● Task objective
Copy exactly. Begin at the line containing "Fig. 05 - Mutants" and stop at the last line of the entries, omitting any pictures.

● Records supplied
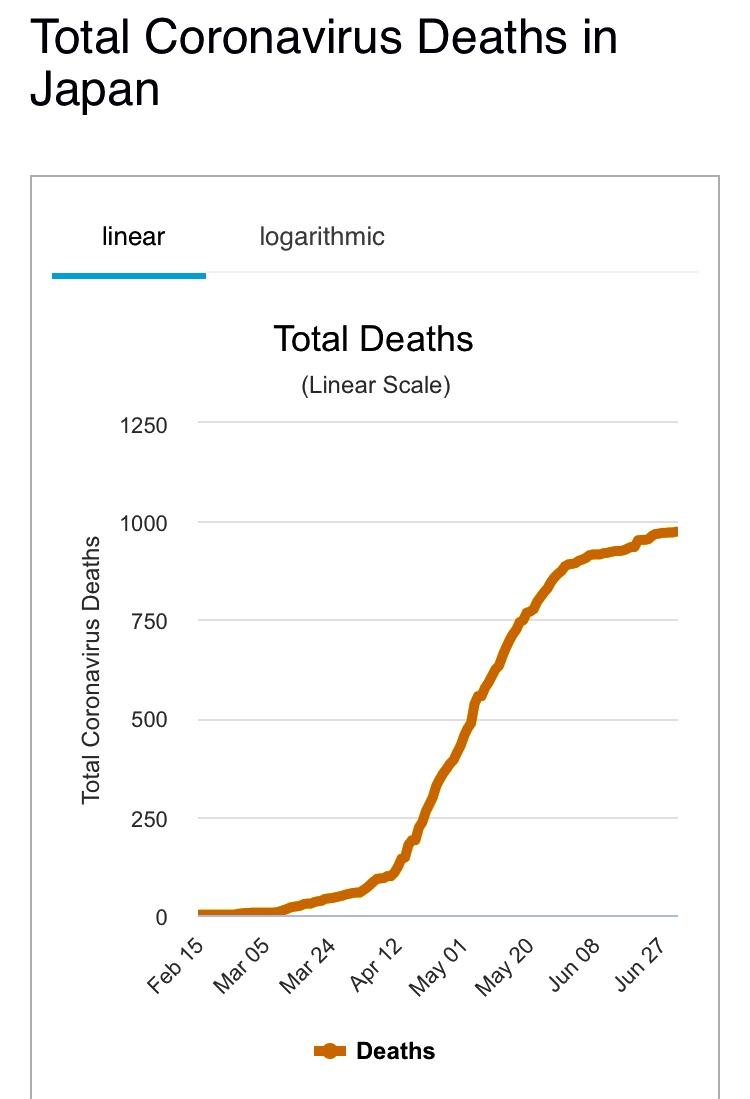 Coronavirus deaths in Japan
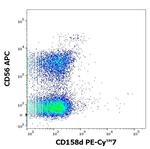 CD158d Monoclonal Antibody (33), PE-Cyanine7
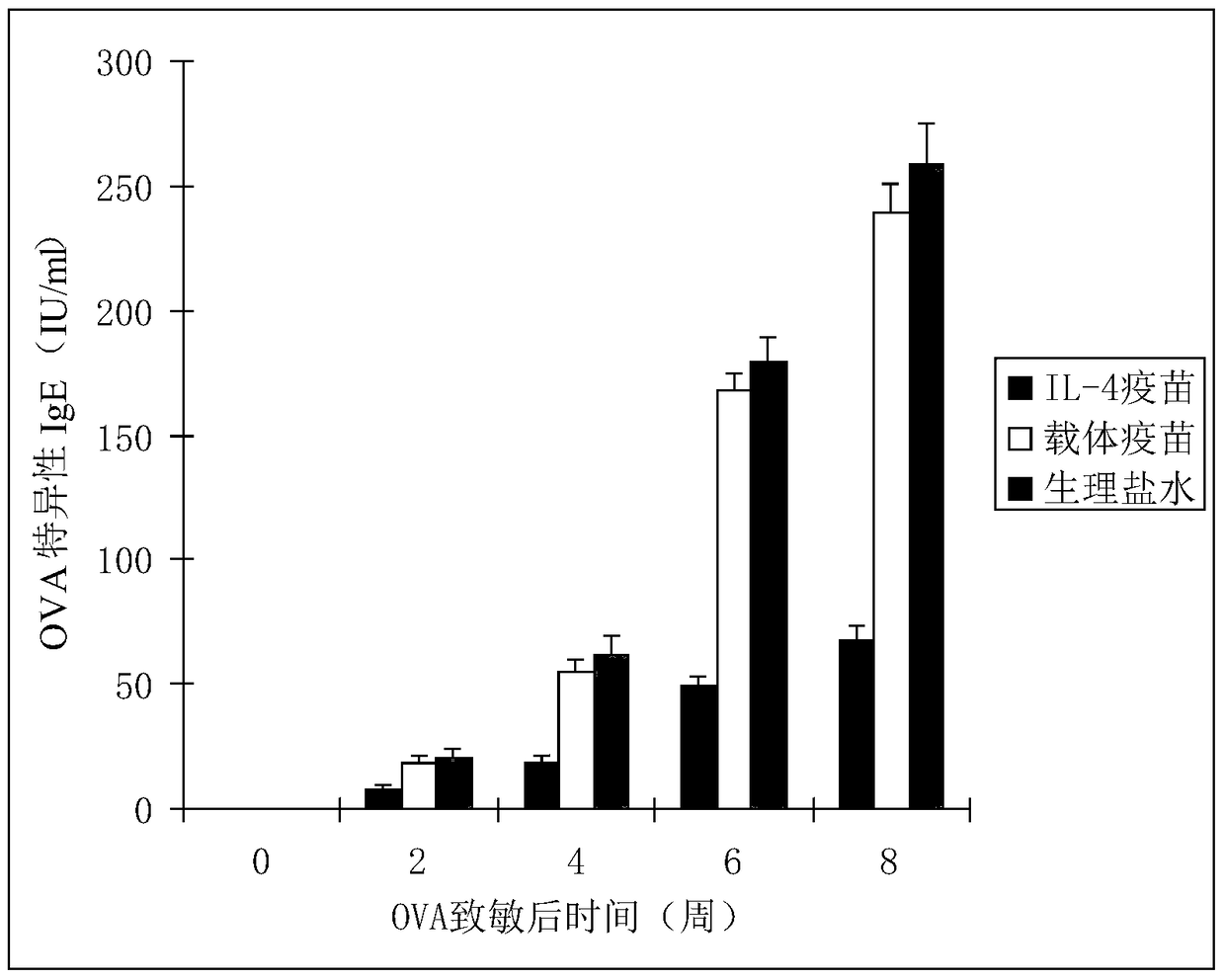 Interleukin-4 therapeutic vaccine that can be used to treat human or animal tumor diseases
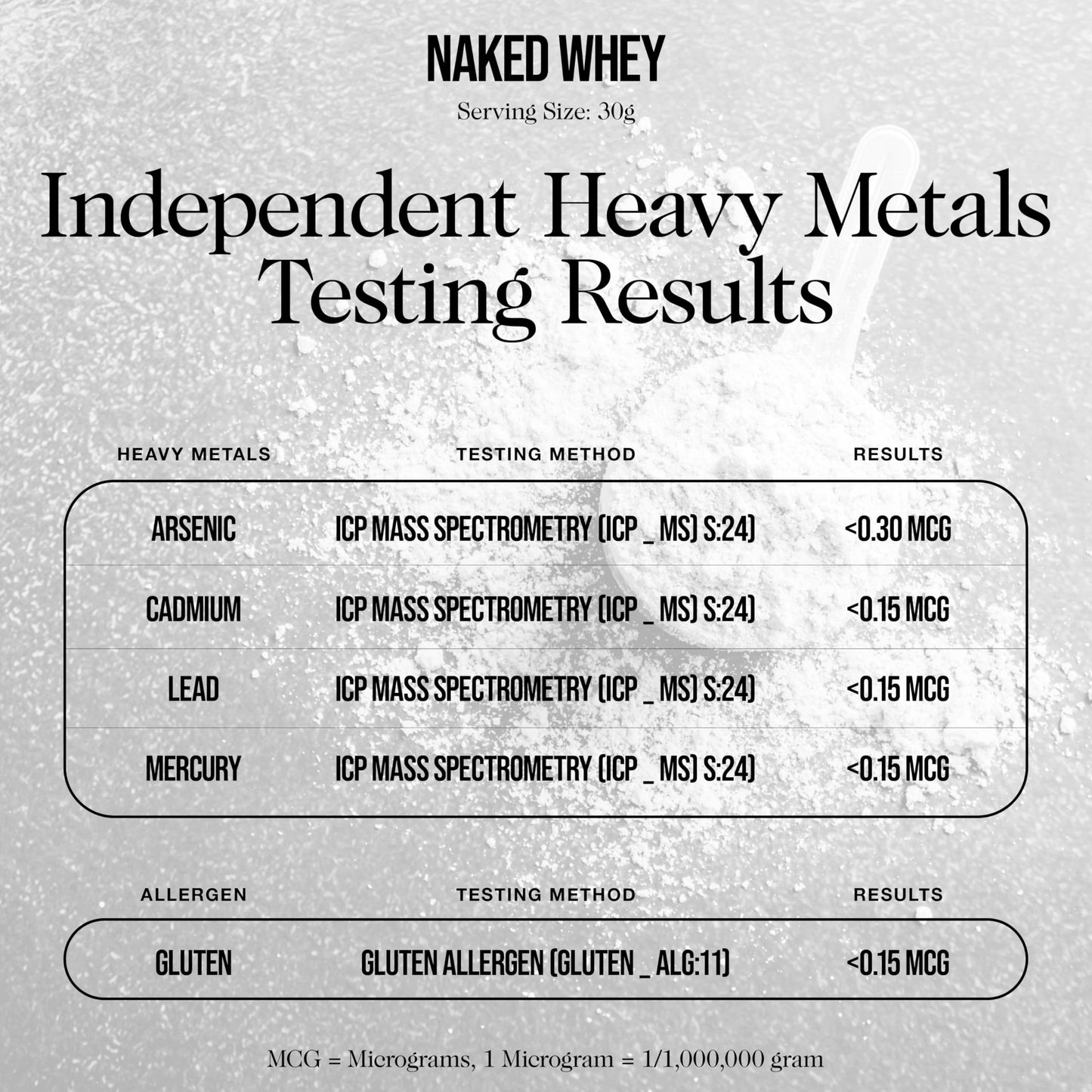 NAKED Whey Protein Powder 5 lb, Grass Fed, Unflavored, NSF Certified, Gluten Free, Soy Free, 80 Servings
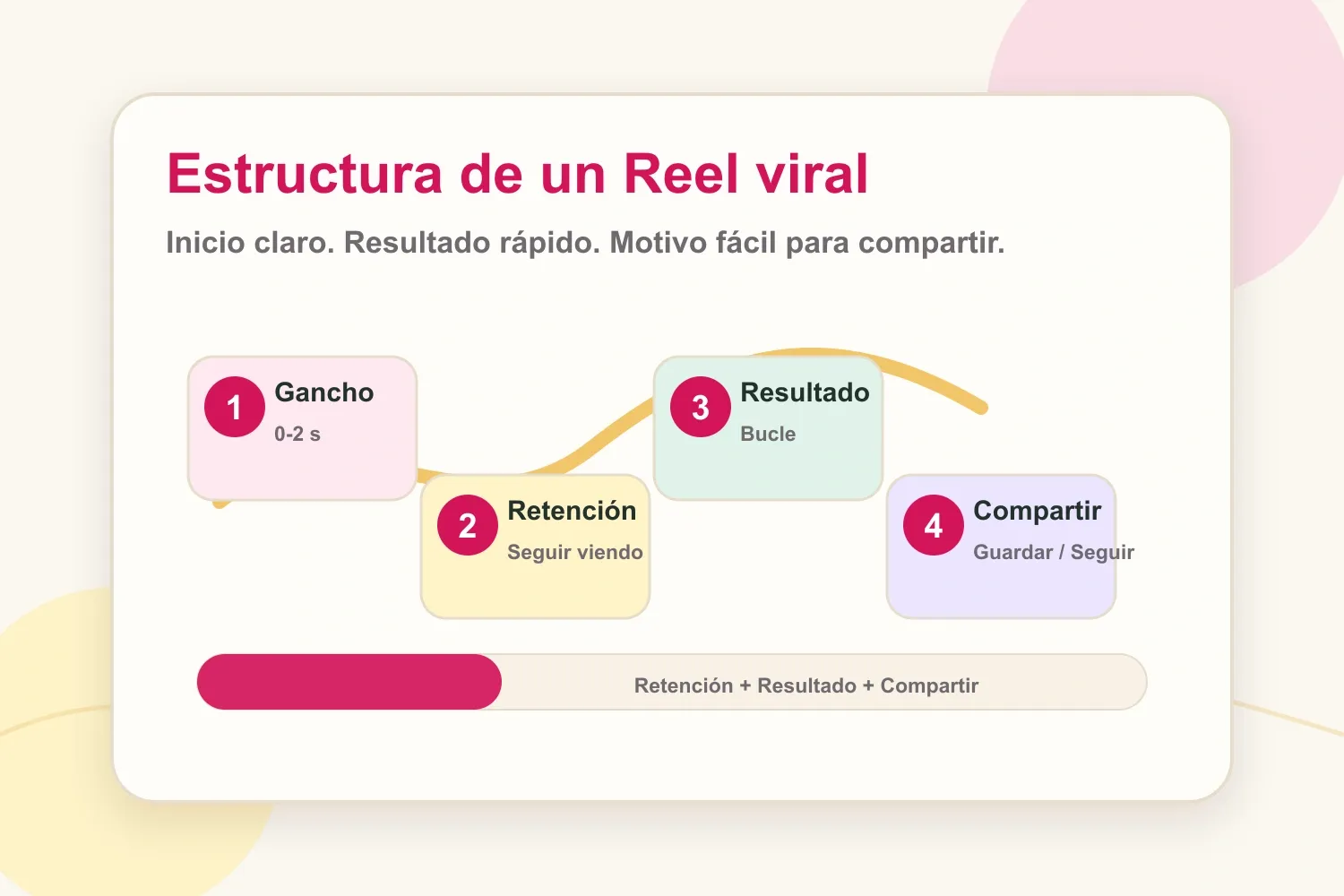 Estructura de un Reel viral con gancho, retención, resultado y señales de compartido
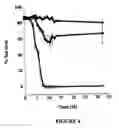 Fig. 05 - Mutants of clostridium difficile toxin B and methods of use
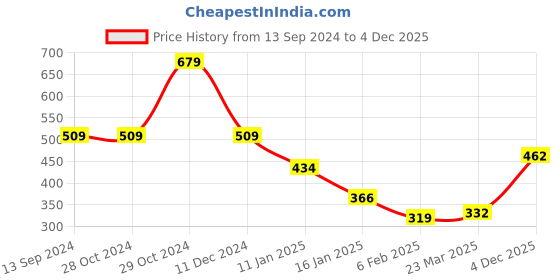firstcry.com Babyhug 100 % Cotton Antibacterial Sleeveless Striped & Shark Printed Sando Pack of 5 - Blue & Orange babyhug Price History Graph from 13 Sep 2024 to 4 Dec 2025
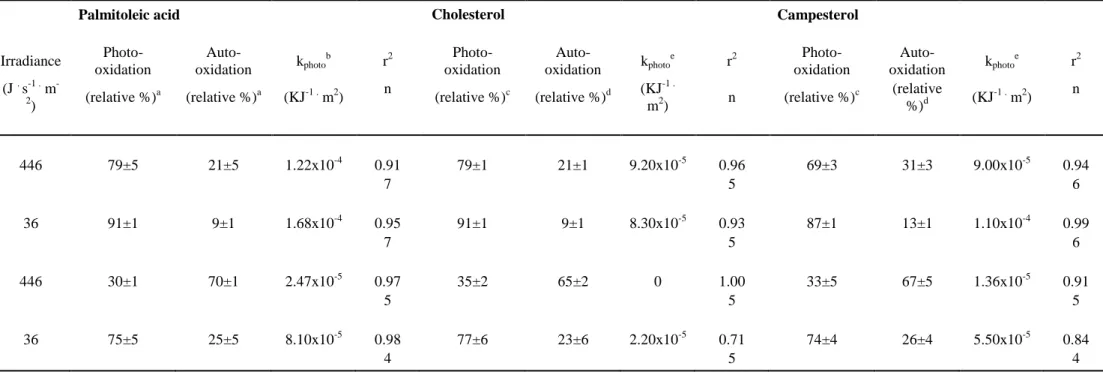 Table  2.  Photo-oxidative  first-order  rate  constants  and  relative  percentages  of  photo-  and  autoxidation  of  monounsaturated  lipid  components  of  killed  Chaetoceros neogracilis cells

● Exercise result
 Fig. 05 - Mutants of clostridium difficile toxin B and methods of use
firstcry.com Babyhug 100 % Cotton Antibacterial Sleeveless Striped & Shark Printed Sando Pack of 5 - Blue & Orange babyhug Price History Graph from 13 Sep 2024 to 4 Dec 2025
 Table  2.  Photo-oxidative  first-order  rate  constants  and  relative  percentages  of  photo-  and  autoxidation  of  monounsaturated  lipid  components  of  killed  Chaetoceros neogracilis cells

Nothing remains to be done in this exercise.